• **Exercise details**: Below are records with pictures in them. Output exactly the lines from the one with "Marinblå vindjacka från" through the one with "歌厅探花陈先生KTV唱唱歌啪", both included, and leave every picture out; give only those lines.

• **The data**:
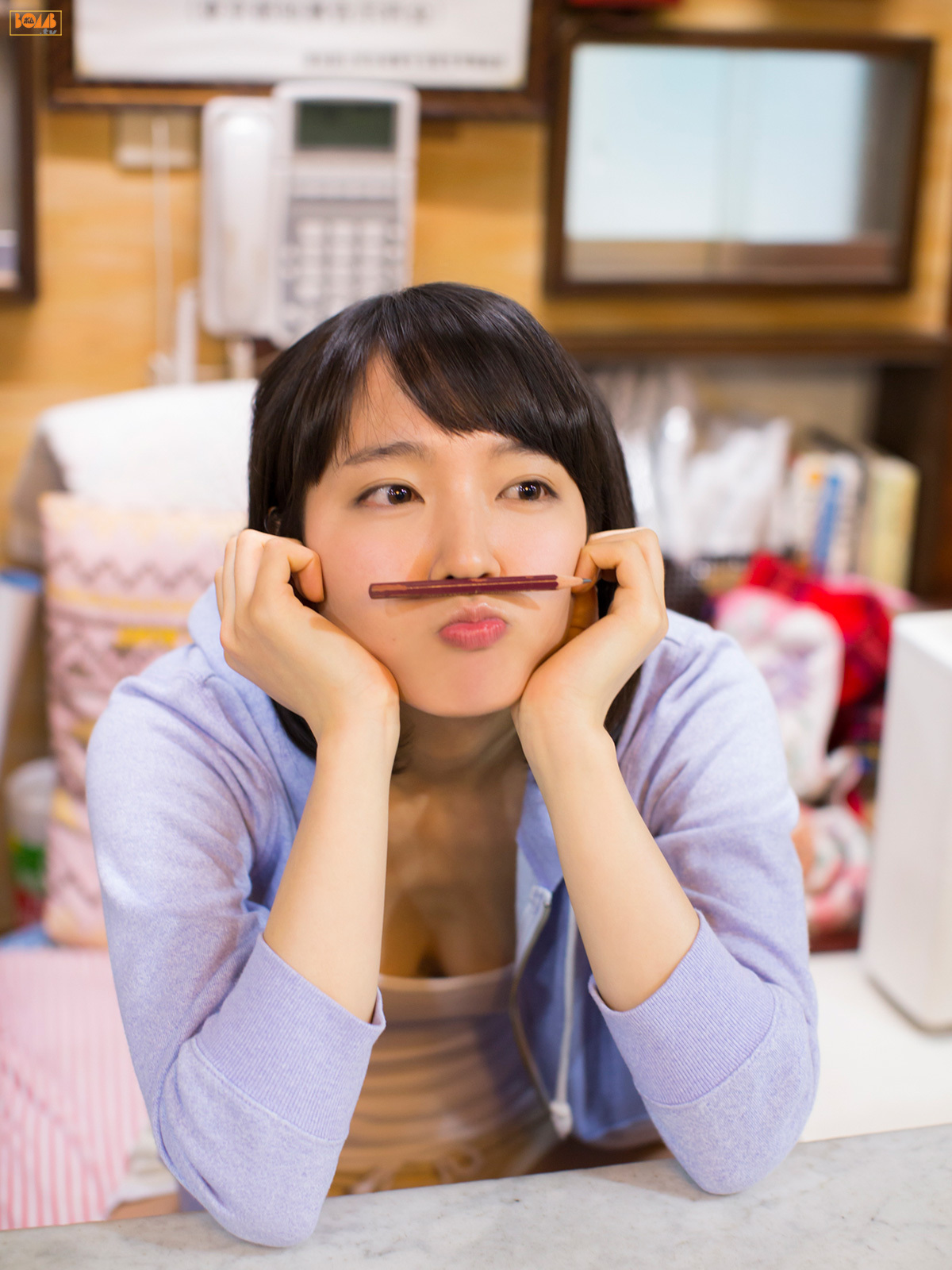 [BOMB.tv] GRavURE Channel 2015年06月号 Riho Yoshioka 吉岡里帆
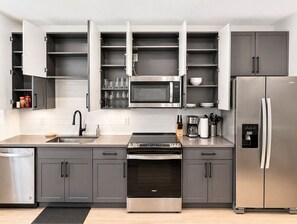 Frigorifero, microonde, forno, piano cottura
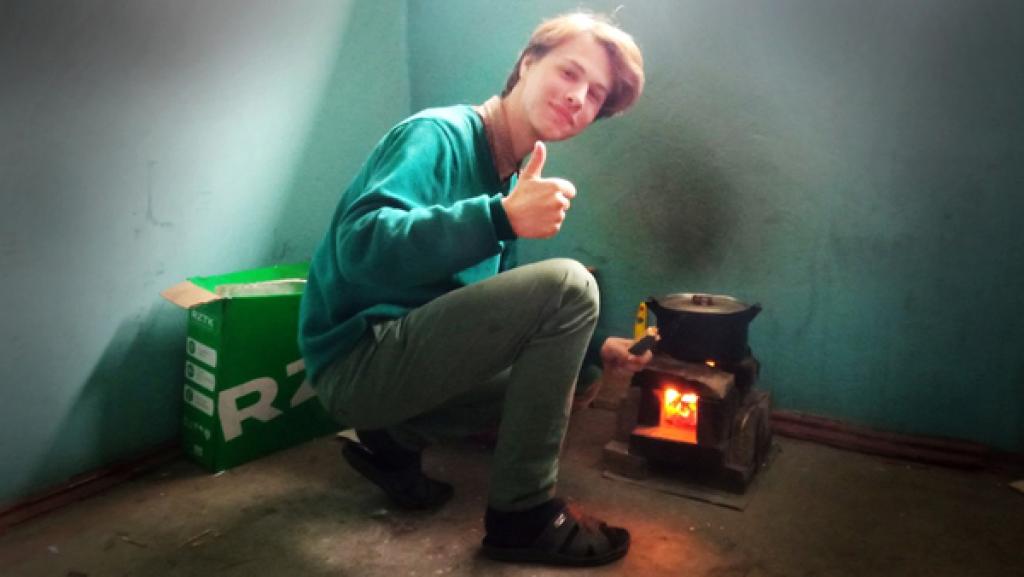 Vlad heizt die Wohnung.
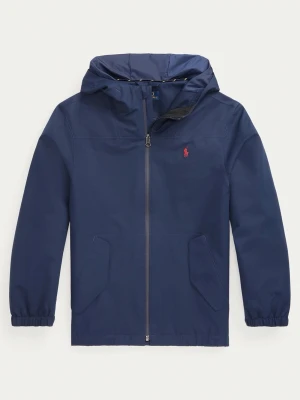 Marinblå vindjacka från Polo Ralph Lauren - Stilren marinblå vindjacka med huva från Polo Ralph Lauren. Jackan har dragkedja framtill, två snedställda fickor och elastiska muddar vid ärmsluten. Liten röd logga broderad på bröstet. Perfekt för blåsiga dagar.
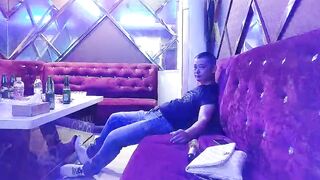 歌厅探花陈先生KTV唱唱歌啪啪啪，马尾少妇唱歌摸腿躺身上摸奶子，沙发上翘起屁股后入猛抬起双腿抽插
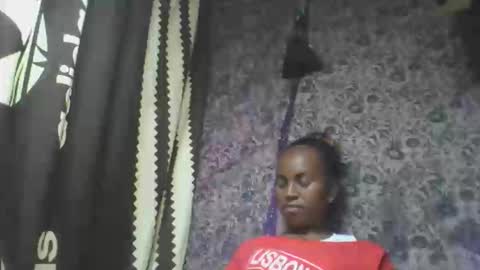 Snapshot of estanie chatting on October 27, 2025, 6:45 pm estanie online show from October 27, 2025, 6:45 pm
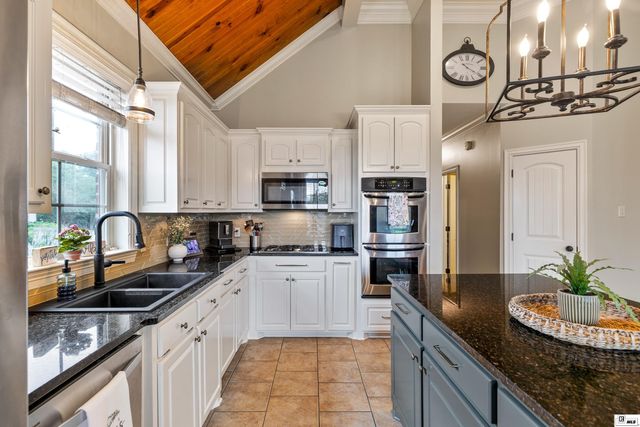 156 EAST SHORE ROAD, Monroe, LA 71203
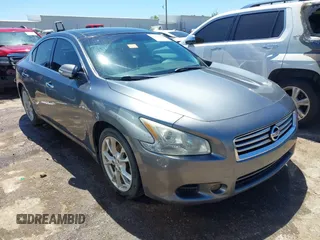 2014 Nissan Maxima S z VIN 1N4AA5AP5EC913942, wystawiony jako IAAI lot #42298769 z przebiegiem 213 729 mil mil oraz . Historia ofert i sprzedaży dostępna na DreamBid. Obrazek 1.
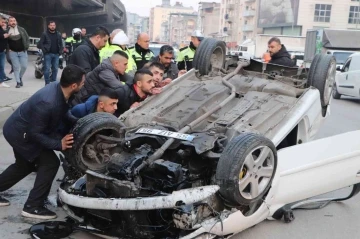 Hurdaya dönen araçtan sağ çıktı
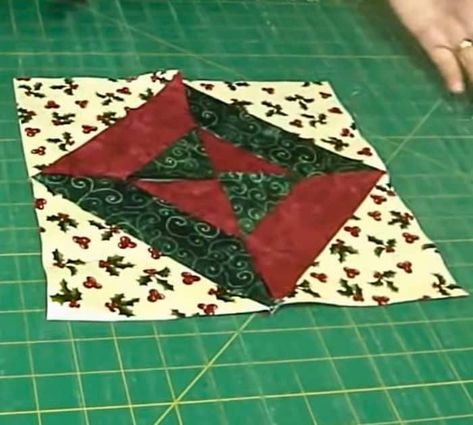 How to Make a Tube - Quick and Easy Quilt Project Tube Quilting With Jelly Rolls, Tube Quilting, Missouri Quilt Tutorials, Porcupine Meatballs, Missouri Quilt, Jelly Roll Patterns, Quilting Videos, Easy Quilt, Jelly Rolls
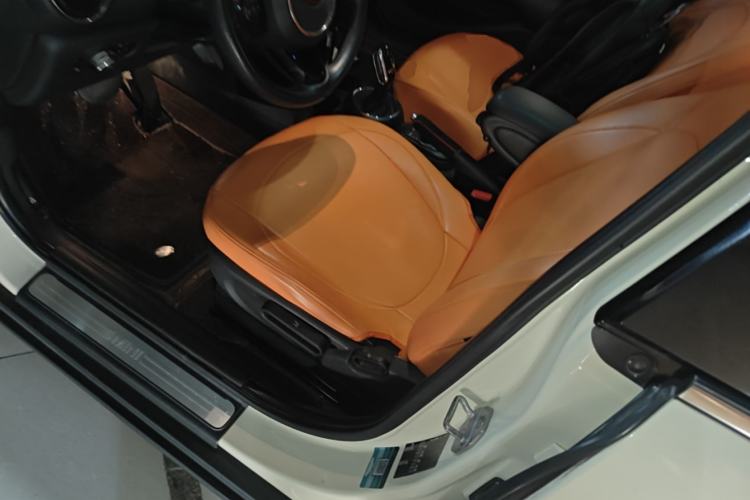 Used MINI 2018 1.5T ONE PLUS Five-Door Edition Left Front Seat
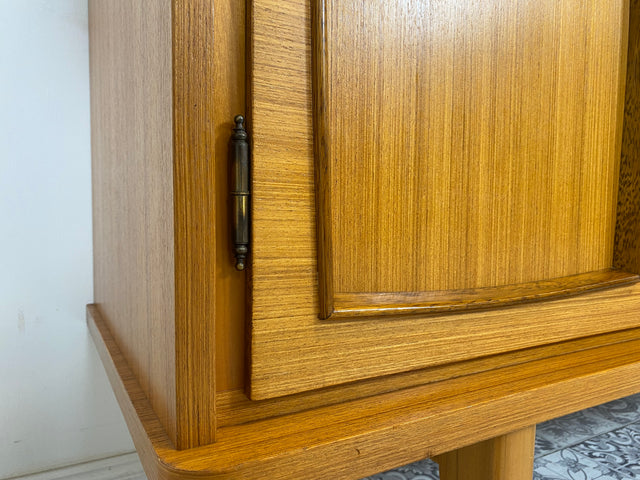 WMK Schönes, sehr geräumiges und gut erhaltenes Mid-Century Sideboard mit hellem Furnier und viel Stauraum # Schrank Kommode TV-Bank Anrichte Credenza Vintage Retro 60er 70er - Lieferung möglich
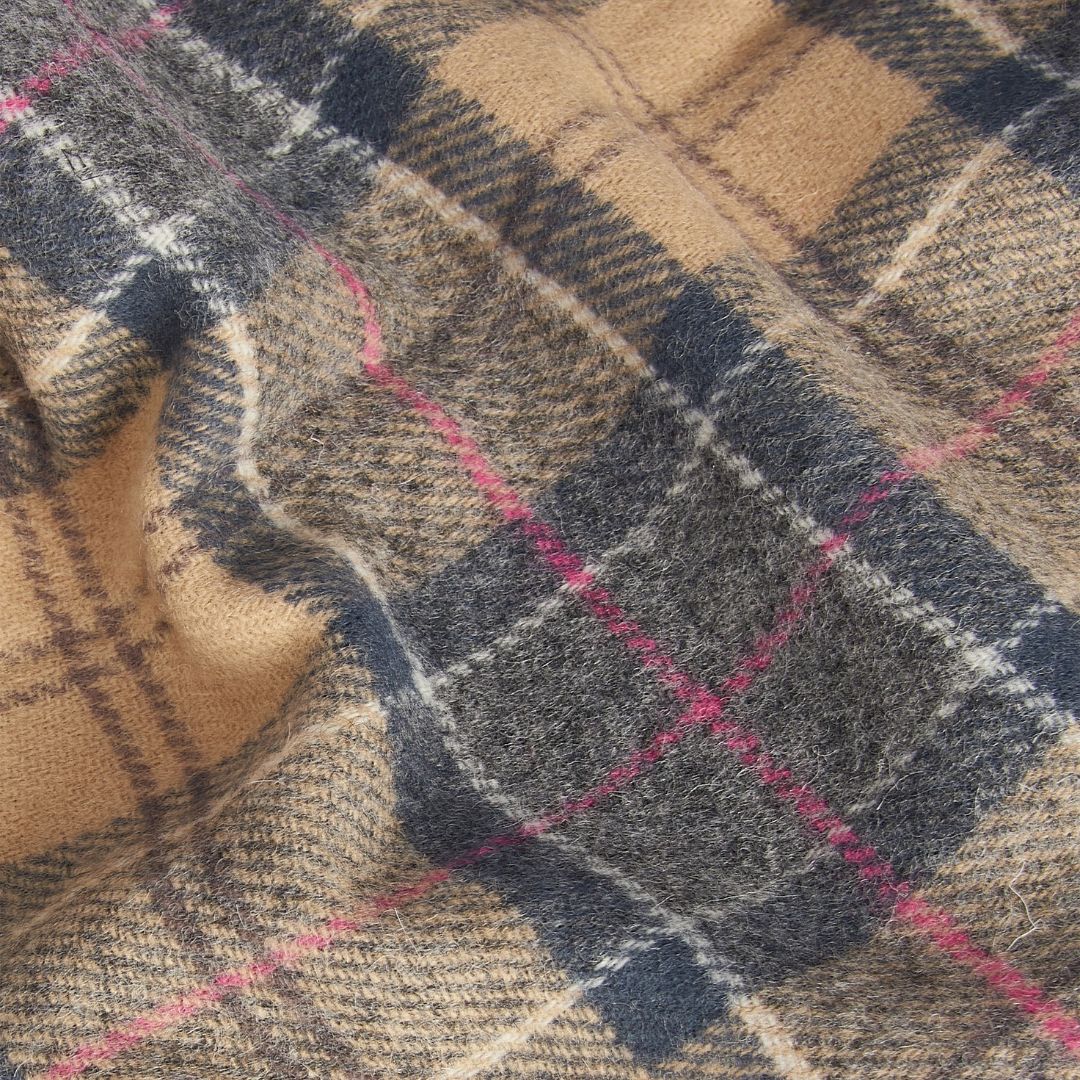 Barbour Tartan Lambswool Scarf in Dress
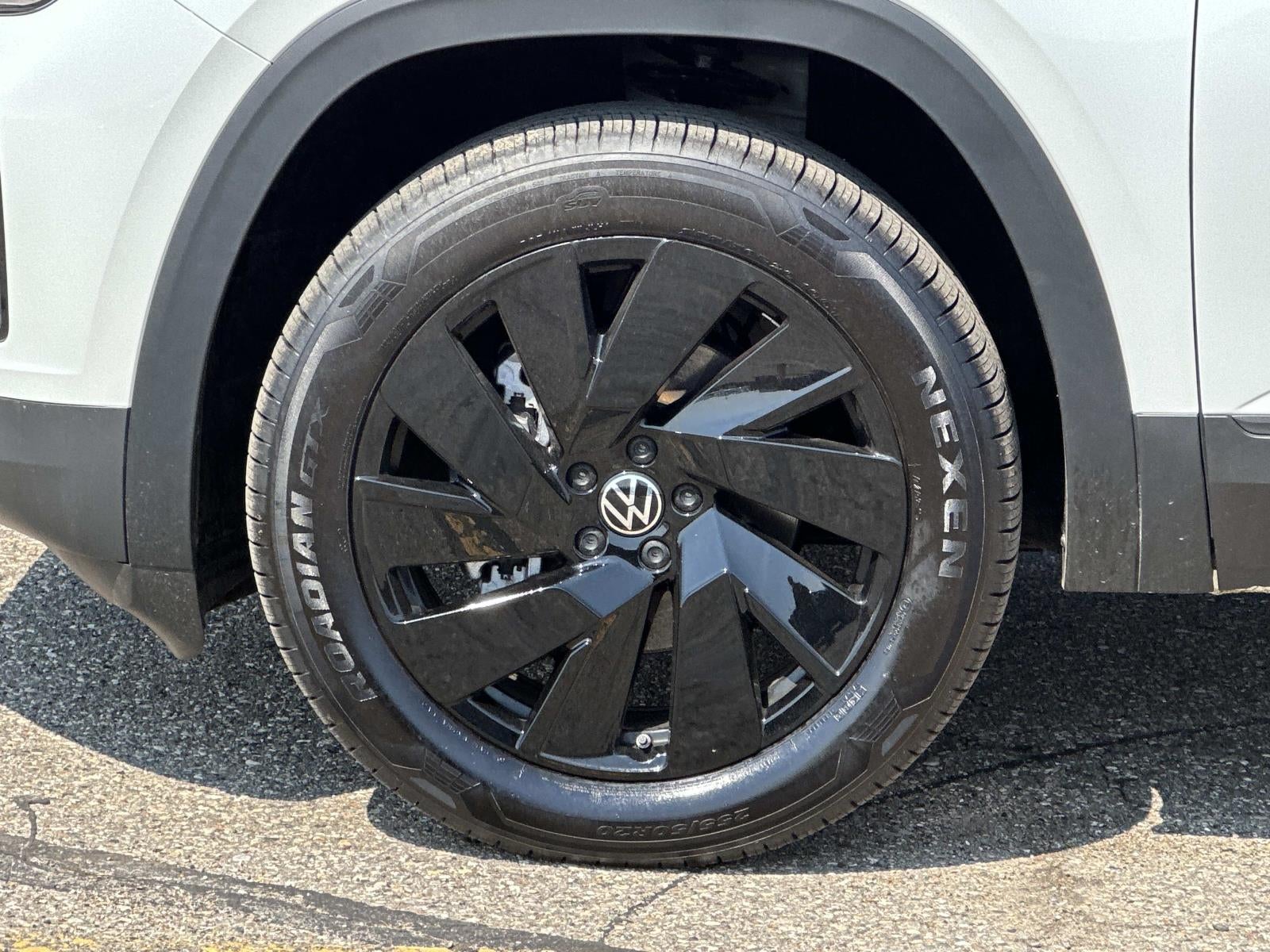 2026 Volkswagen Atlas Cross Sport 2.0T SE w/Technology 4MOTION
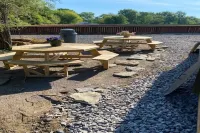 Big Mike's Cabin on the lake, next to ball diamonds nestled in 3 -cabin village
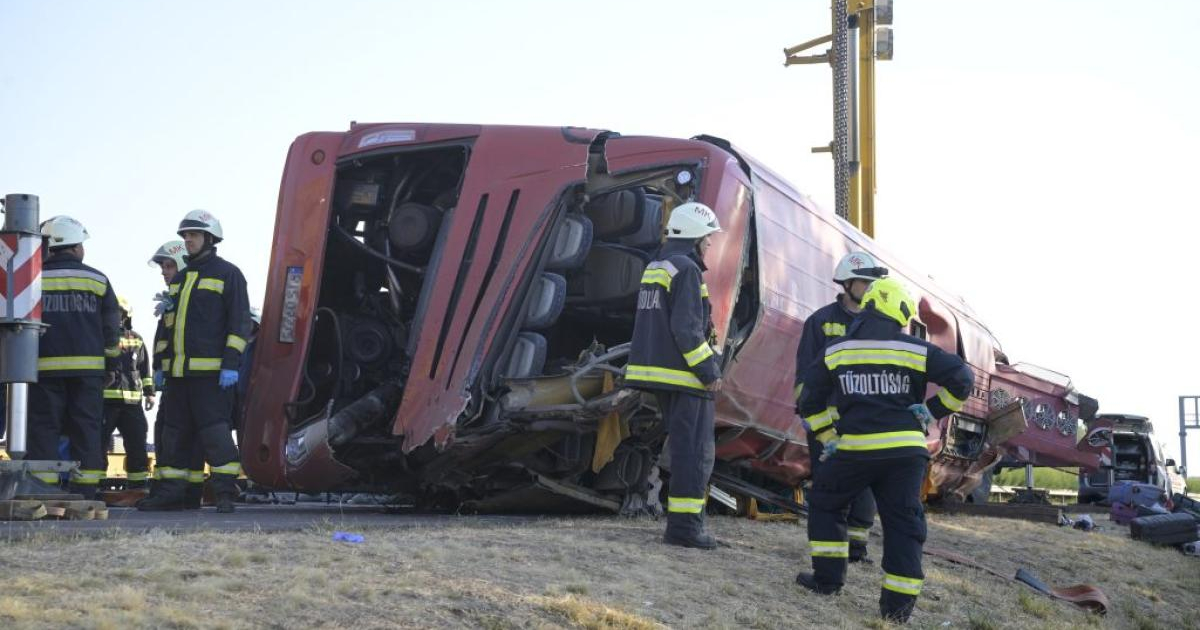 Tragiczny wypadek autokaru z Podkarpacia! Zginęło 12 osób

• **Answer box**:
 Marinblå vindjacka från Polo Ralph Lauren - Stilren marinblå vindjacka med huva från Polo Ralph Lauren. Jackan har dragkedja framtill, två snedställda fickor och elastiska muddar vid ärmsluten. Liten röd logga broderad på bröstet. Perfekt för blåsiga dagar.
 歌厅探花陈先生KTV唱唱歌啪啪啪，马尾少妇唱歌摸腿躺身上摸奶子，沙发上翘起屁股后入猛抬起双腿抽插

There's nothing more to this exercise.